*INFORMATION SHOWN*.
+ + +

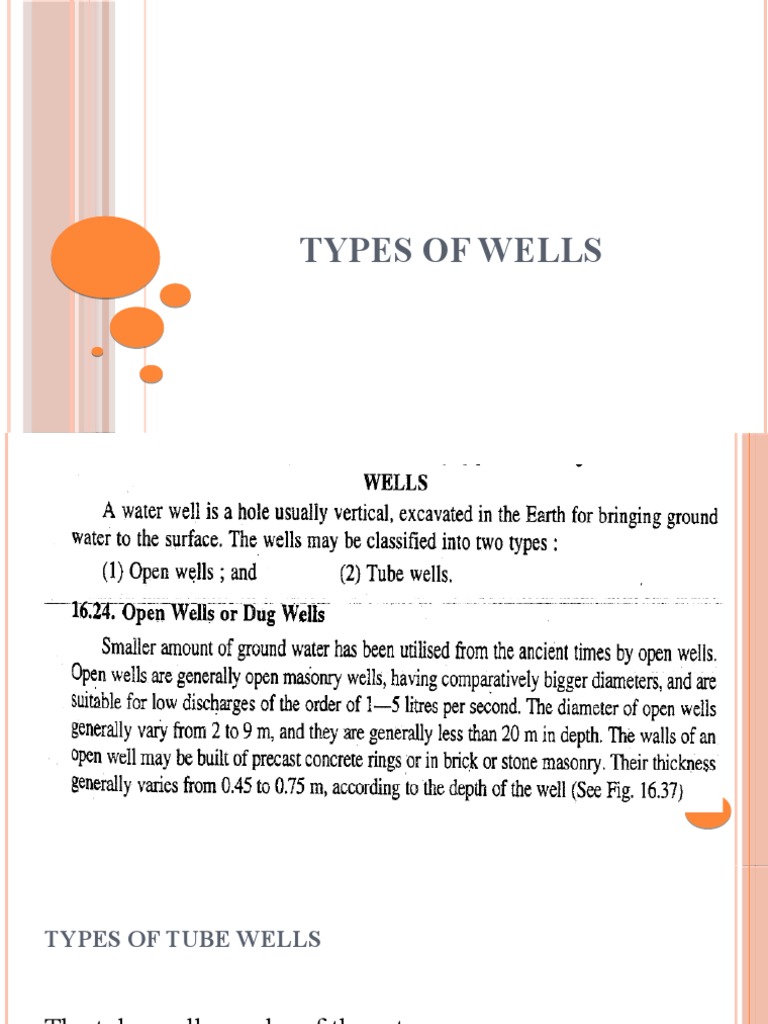 Types of Tube Wells and Common Drilling Methods PDF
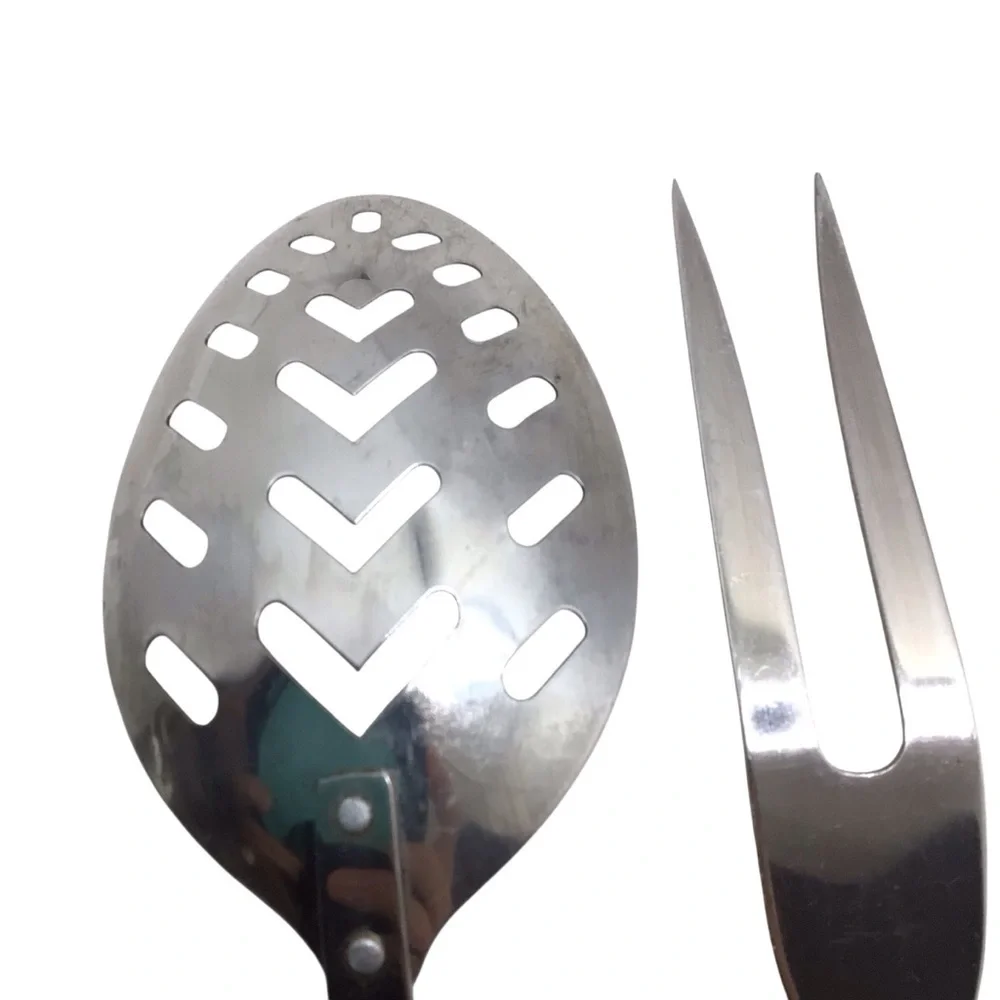 Vintage Japan Stainless Steel 3 Pc Serving Set Wood Handle Spoon Fork Utensils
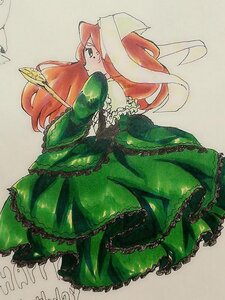 Rating: Safe Score: 0 Tags: 1girl auto_tagged dress frills image long_hair long_sleeves looking_back red_hair simple_background solo suiseiseki traditional_media User: admin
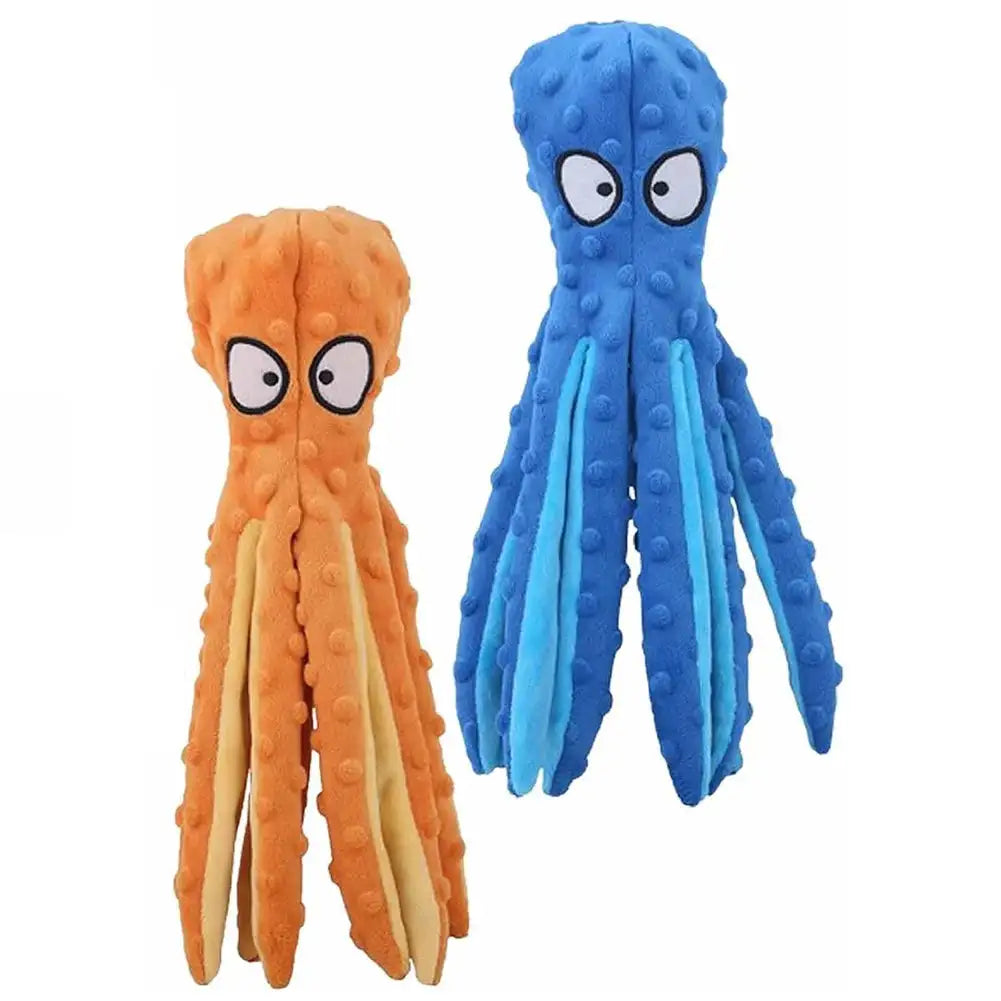 2Pcs Octopus No Stuffing Squeaky Plush Puzzle Dog Toy Blue Orange 1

+ + +

Copy the data above word for word. Pictures stay out.

*SOLVED EXERCISE*.
 Types of Tube Wells and Common Drilling Methods PDF
 Vintage Japan Stainless Steel 3 Pc Serving Set Wood Handle Spoon Fork Utensils
 Rating: Safe Score: 0 Tags: 1girl auto_tagged dress frills image long_hair long_sleeves looking_back red_hair simple_background solo suiseiseki traditional_media User: admin
 2Pcs Octopus No Stuffing Squeaky Plush Puzzle Dog Toy Blue Orange 1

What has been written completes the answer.